I went to Bard for undergrad.  As I understand it the MFA programs are actually in session during the summertime, right?  The undergrad film faculty is pretty cool, I was in the music department but there was some overlap.  A lot of professors commute from New York.  And, since it's a summer thing they might even get profs from other schools?  It's a gorgeous place to be in the summertime too.  If you're into keeping up a separate lifestyle during the year, it might be a great program for you


----------



## birdman78 (Feb 24, 2008)

hey peaches, 

thanks for your response. I actually live in Brooklyn right now and like the idea of being able to live in the city and work to pay for my tuition during the year. Sounds like a reasonable concept. 
Do you have any knowledge if more narrative films are produced in the department, or is it mainly focused around gallery art/video art kind of settings?


----------



## Icarus Ascending (Feb 25, 2008)

Wow.
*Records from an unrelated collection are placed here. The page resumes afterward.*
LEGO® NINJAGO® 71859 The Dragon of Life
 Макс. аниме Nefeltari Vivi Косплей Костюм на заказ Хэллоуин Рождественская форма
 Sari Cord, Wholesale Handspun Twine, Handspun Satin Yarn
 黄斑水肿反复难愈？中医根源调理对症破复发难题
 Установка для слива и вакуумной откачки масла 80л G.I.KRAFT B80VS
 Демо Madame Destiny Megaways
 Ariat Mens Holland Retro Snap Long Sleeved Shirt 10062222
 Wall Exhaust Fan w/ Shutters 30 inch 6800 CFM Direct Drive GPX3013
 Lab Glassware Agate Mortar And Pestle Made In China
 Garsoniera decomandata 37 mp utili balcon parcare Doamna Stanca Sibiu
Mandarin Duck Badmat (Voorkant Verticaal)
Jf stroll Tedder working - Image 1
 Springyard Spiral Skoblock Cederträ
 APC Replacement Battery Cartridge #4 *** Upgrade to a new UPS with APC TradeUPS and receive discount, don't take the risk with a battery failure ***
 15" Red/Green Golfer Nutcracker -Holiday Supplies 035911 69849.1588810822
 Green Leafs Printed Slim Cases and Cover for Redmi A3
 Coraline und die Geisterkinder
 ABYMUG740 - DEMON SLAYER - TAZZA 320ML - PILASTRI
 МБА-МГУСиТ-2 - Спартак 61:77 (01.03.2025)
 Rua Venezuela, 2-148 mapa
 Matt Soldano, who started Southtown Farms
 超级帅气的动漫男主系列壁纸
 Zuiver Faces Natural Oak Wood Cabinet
This brings back memories.

Back when I was a young Icarus, I considered applying to Bard for undergrad. I toured the campus and spoke to an admissions person, asking about the drama program, the writing program--and the film program. The admissions lady told me that Bard's film students did "many very interesting things with color and sound." I asked if anyone made narrative films, at which point her face got hard and she muttered something about this "certainly not being the place for [me]" before virtually swatting me out the door. This, of course, was ONE admissions person several years ago--so take this with a grain of salt--but it was, indeed, the reason I never bothered to apply.


----------



## birdman78 (Feb 25, 2008)

thanks for your input Icarus,
I am not all that surprised by your story, although I very much enjoyed your humor in telling it. I'll go check it out for myself and see if anything has changed, or if the grad program is different. 
where did you end up going?


----------



## peaches (Feb 25, 2008)

I wouldn't be surprised if the Bard film grad students produce a lot of arty, experimental stuff... but, I would just go up for the interview and try to meet with some of the teachers who you would be studying with.  It might be cool to be one of the few students doing narrative work


----------